**Work request**
Give back, word for word, the line that contains "DETECTOR DE HUMO" and every line that follows it in the data below.

::: Data for this exercise

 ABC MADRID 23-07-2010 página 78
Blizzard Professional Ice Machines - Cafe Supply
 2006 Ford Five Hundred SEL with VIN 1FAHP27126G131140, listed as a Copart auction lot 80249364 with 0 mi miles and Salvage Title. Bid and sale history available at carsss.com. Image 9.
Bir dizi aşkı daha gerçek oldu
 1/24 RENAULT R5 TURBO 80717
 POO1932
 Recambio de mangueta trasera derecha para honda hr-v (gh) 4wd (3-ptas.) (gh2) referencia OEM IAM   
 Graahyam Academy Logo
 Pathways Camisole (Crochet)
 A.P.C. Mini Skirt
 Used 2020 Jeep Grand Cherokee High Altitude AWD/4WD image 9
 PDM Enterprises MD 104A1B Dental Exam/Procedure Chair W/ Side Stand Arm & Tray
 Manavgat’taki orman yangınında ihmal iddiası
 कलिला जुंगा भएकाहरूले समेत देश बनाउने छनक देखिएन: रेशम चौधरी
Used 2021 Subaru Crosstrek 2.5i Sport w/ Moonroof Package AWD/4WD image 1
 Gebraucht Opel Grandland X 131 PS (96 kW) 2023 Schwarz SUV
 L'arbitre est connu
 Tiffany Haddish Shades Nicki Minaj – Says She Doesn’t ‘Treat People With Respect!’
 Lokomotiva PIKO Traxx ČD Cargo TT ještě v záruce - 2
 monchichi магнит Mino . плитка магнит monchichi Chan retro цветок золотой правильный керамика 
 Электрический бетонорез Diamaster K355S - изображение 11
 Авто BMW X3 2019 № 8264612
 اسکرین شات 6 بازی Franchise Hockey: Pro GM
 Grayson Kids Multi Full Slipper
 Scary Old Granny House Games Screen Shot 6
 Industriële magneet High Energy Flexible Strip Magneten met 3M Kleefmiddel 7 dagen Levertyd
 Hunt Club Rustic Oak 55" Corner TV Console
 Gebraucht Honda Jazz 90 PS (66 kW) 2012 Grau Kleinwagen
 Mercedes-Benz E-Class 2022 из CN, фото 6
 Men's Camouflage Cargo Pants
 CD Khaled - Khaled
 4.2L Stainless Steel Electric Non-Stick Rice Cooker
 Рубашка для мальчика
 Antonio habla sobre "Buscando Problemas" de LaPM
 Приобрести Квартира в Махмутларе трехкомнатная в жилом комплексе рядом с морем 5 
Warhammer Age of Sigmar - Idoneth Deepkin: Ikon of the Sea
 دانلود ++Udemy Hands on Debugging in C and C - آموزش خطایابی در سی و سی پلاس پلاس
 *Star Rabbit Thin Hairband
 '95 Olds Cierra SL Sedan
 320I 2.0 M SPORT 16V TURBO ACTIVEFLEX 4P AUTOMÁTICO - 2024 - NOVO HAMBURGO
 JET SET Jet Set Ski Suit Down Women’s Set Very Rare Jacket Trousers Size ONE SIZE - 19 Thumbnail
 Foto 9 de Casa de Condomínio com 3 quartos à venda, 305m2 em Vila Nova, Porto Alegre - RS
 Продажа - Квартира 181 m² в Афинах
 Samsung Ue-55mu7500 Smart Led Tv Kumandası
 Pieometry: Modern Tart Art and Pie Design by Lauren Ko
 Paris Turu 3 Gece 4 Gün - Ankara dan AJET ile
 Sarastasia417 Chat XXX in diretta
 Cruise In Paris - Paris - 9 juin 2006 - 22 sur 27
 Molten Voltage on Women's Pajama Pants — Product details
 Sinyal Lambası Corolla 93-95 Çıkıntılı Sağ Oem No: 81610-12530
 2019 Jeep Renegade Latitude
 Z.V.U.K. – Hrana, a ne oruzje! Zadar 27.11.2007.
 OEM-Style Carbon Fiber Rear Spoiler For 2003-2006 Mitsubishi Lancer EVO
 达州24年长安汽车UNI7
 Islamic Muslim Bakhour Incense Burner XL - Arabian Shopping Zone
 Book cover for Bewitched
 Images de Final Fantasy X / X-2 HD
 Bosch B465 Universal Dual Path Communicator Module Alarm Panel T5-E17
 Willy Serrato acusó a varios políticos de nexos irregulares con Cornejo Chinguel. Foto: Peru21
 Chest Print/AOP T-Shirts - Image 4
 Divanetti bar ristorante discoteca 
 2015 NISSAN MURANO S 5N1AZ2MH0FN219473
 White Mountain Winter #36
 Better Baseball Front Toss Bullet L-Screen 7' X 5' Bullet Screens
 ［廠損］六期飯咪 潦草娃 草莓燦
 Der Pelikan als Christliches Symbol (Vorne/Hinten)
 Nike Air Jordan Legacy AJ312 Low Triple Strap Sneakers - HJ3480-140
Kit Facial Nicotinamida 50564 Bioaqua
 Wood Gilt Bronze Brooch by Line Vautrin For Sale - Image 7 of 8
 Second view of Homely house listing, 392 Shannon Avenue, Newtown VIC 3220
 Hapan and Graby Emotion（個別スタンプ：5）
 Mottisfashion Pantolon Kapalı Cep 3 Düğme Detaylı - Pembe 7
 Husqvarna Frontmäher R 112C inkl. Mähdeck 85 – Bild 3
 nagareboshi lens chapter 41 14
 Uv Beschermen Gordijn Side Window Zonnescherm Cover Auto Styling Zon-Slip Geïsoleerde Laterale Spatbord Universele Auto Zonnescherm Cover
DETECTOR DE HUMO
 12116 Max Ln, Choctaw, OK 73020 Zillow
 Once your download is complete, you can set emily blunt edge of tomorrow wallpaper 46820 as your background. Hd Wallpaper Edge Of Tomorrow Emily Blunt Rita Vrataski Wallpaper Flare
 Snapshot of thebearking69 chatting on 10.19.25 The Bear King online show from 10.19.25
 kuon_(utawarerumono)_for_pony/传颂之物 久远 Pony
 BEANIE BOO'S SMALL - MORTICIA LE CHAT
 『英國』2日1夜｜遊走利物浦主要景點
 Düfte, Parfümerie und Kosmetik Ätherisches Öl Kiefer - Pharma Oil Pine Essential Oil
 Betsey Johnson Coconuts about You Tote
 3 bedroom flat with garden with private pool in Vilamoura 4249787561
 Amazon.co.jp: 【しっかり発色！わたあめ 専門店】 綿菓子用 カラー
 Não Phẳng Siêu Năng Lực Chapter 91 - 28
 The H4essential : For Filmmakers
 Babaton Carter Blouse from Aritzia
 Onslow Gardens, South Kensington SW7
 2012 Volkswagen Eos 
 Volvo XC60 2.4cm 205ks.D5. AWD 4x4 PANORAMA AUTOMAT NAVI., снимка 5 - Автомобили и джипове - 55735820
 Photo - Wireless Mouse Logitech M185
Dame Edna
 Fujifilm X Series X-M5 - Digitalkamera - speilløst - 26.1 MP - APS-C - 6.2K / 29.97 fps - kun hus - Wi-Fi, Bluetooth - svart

::::::

**Problem solution**
DETECTOR DE HUMO
 12116 Max Ln, Choctaw, OK 73020 Zillow
 Once your download is complete, you can set emily blunt edge of tomorrow wallpaper 46820 as your background. Hd Wallpaper Edge Of Tomorrow Emily Blunt Rita Vrataski Wallpaper Flare
 Snapshot of thebearking69 chatting on 10.19.25 The Bear King online show from 10.19.25
 kuon_(utawarerumono)_for_pony/传颂之物 久远 Pony
 BEANIE BOO'S SMALL - MORTICIA LE CHAT
 『英國』2日1夜｜遊走利物浦主要景點
 Düfte, Parfümerie und Kosmetik Ätherisches Öl Kiefer - Pharma Oil Pine Essential Oil
 Betsey Johnson Coconuts about You Tote
 3 bedroom flat with garden with private pool in Vilamoura 4249787561
 Amazon.co.jp: 【しっかり発色！わたあめ 専門店】 綿菓子用 カラー
 Não Phẳng Siêu Năng Lực Chapter 91 - 28
 The H4essential : For Filmmakers
 Babaton Carter Blouse from Aritzia
 Onslow Gardens, South Kensington SW7
 2012 Volkswagen Eos 
 Volvo XC60 2.4cm 205ks.D5. AWD 4x4 PANORAMA AUTOMAT NAVI., снимка 5 - Автомобили и джипове - 55735820
 Photo - Wireless Mouse Logitech M185
Dame Edna
 Fujifilm X Series X-M5 - Digitalkamera - speilløst - 26.1 MP - APS-C - 6.2K / 29.97 fps - kun hus - Wi-Fi, Bluetooth - svart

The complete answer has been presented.